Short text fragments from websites
———
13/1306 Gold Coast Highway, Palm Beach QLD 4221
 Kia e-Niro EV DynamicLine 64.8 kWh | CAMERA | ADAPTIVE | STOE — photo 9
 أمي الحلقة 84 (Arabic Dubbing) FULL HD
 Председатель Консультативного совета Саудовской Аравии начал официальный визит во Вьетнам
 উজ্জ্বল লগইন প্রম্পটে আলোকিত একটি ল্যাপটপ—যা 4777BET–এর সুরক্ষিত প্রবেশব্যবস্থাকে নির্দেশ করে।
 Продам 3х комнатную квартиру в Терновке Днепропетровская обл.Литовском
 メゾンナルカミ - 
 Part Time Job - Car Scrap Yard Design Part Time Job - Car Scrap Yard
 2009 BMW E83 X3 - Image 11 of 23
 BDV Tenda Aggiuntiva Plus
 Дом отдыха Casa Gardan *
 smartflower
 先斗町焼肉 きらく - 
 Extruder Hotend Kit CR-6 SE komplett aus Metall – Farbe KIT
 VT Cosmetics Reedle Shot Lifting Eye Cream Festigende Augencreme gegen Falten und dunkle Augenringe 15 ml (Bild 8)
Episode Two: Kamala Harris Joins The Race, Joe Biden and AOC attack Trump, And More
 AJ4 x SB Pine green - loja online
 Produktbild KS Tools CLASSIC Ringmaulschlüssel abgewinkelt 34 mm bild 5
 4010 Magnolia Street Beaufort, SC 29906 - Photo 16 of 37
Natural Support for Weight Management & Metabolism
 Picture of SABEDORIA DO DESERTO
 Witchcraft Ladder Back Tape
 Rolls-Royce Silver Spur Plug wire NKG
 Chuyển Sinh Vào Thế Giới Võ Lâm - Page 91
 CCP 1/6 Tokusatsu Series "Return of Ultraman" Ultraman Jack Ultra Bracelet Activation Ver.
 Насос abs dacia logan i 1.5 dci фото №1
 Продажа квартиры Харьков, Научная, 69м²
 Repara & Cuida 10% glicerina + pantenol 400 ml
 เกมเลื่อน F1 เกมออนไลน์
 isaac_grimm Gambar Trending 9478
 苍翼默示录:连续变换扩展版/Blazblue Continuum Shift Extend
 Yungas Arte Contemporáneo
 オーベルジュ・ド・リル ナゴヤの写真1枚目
———
- TASK ITEM:
Start at the line containing "Picture of SABEDORIA DO DESERTO". Repeat it and each line after it, word for word, to the end of the records.

- WORKED SOLUTION:
 Picture of SABEDORIA DO DESERTO
 Witchcraft Ladder Back Tape
 Rolls-Royce Silver Spur Plug wire NKG
 Chuyển Sinh Vào Thế Giới Võ Lâm - Page 91
 CCP 1/6 Tokusatsu Series "Return of Ultraman" Ultraman Jack Ultra Bracelet Activation Ver.
 Насос abs dacia logan i 1.5 dci фото №1
 Продажа квартиры Харьков, Научная, 69м²
 Repara & Cuida 10% glicerina + pantenol 400 ml
 เกมเลื่อน F1 เกมออนไลน์
 isaac_grimm Gambar Trending 9478
 苍翼默示录:连续变换扩展版/Blazblue Continuum Shift Extend
 Yungas Arte Contemporáneo
 オーベルジュ・ド・リル ナゴヤの写真1枚目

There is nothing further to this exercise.